▸ Assignment
What you return must be the data below, word for word, without any images.

----- Available data

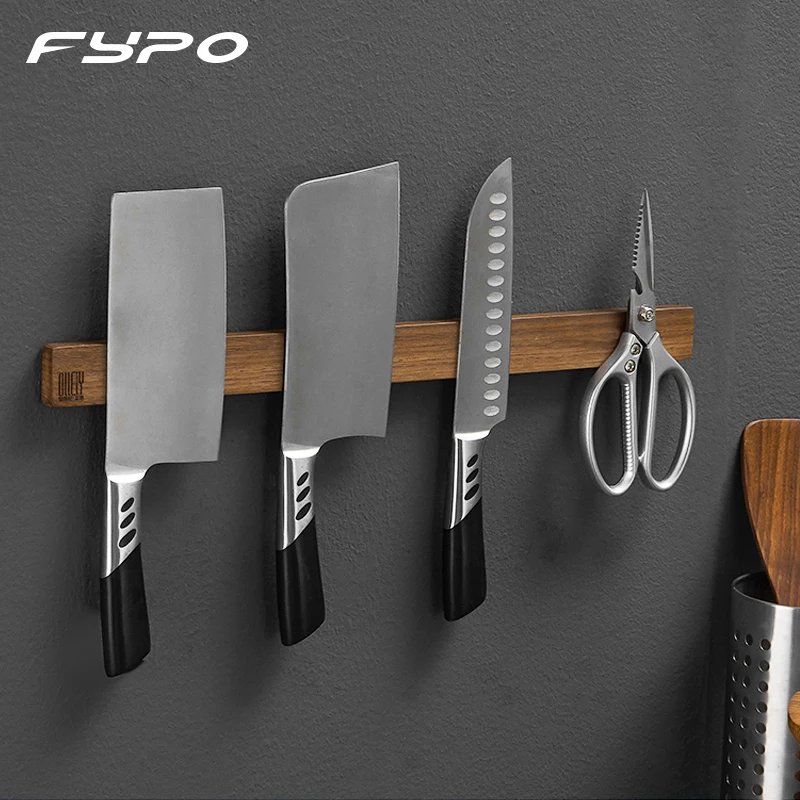 Fypo Magnetic Knife Holder Wall-Mounted Knife Organizer Block Storage Holder Kitchen Accessories Organizer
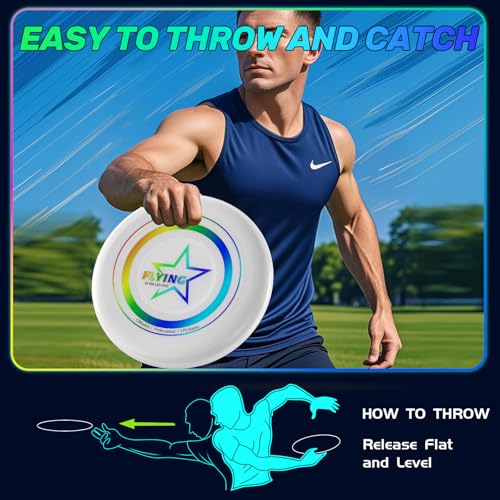 Dilabnba LED Flying Disc Toy for Lawn Game Beach Sand Backyard Outdoor Playing, Glow in The Dark Flying Ring Toass and Catch Camping Toy for Kids Adults Teen, Rechargeable, 175g - style: Set1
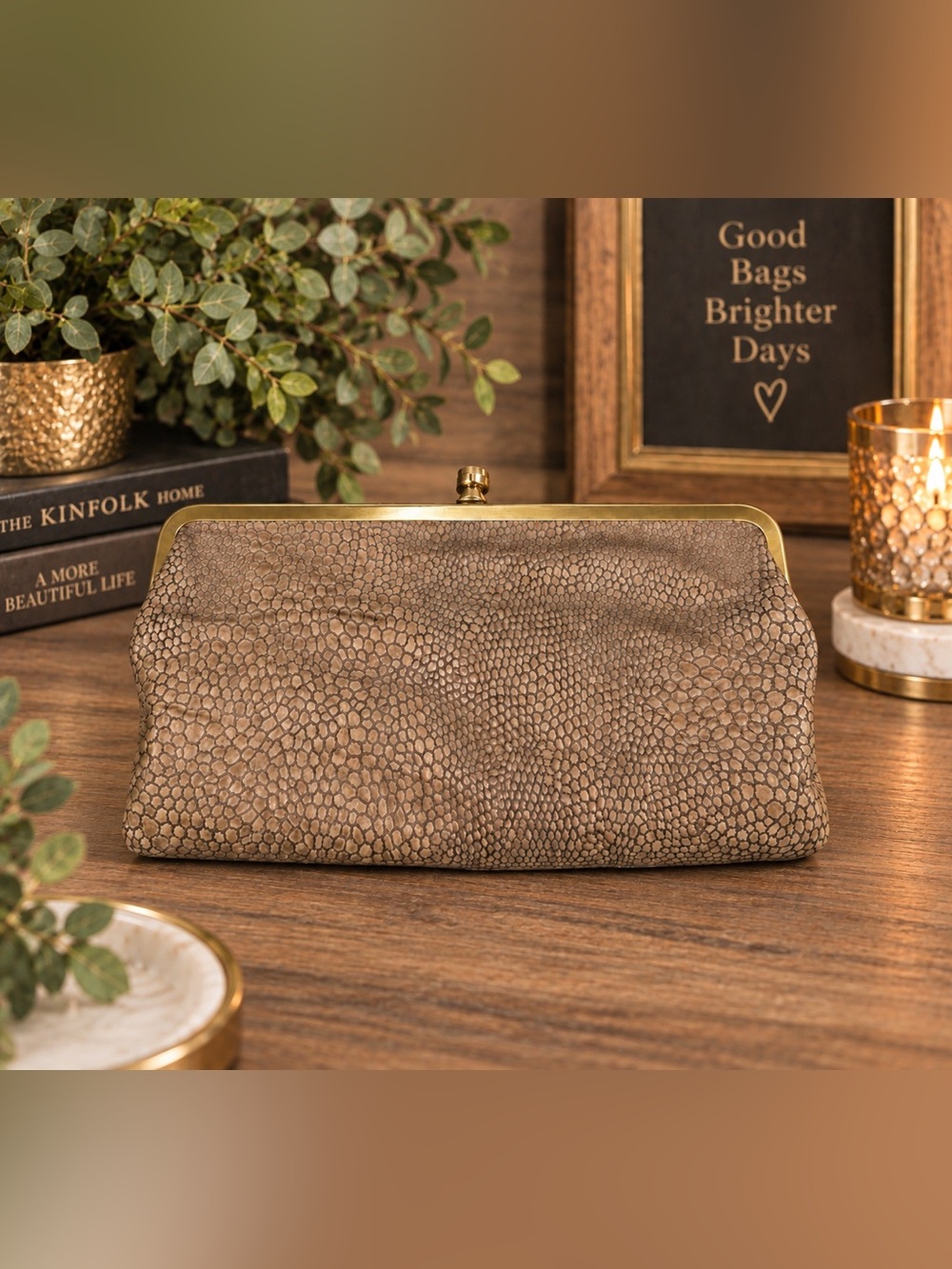 HOBO Taupe Snakeskin Embossed Leather Frame Clutch Wallet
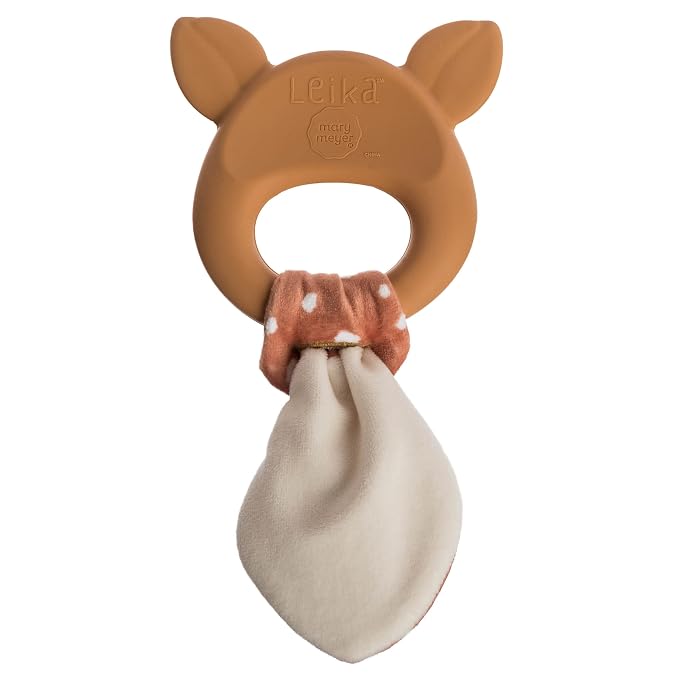 Mary Meyer Teething Toys Leika Silicone Baby Teether for Babies 0-12 Months, 9-Inches, Little Fawn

----------

▸ Solution
 Fypo Magnetic Knife Holder Wall-Mounted Knife Organizer Block Storage Holder Kitchen Accessories Organizer
 Dilabnba LED Flying Disc Toy for Lawn Game Beach Sand Backyard Outdoor Playing, Glow in The Dark Flying Ring Toass and Catch Camping Toy for Kids Adults Teen, Rechargeable, 175g - style: Set1
 HOBO Taupe Snakeskin Embossed Leather Frame Clutch Wallet
 Mary Meyer Teething Toys Leika Silicone Baby Teether for Babies 0-12 Months, 9-Inches, Little Fawn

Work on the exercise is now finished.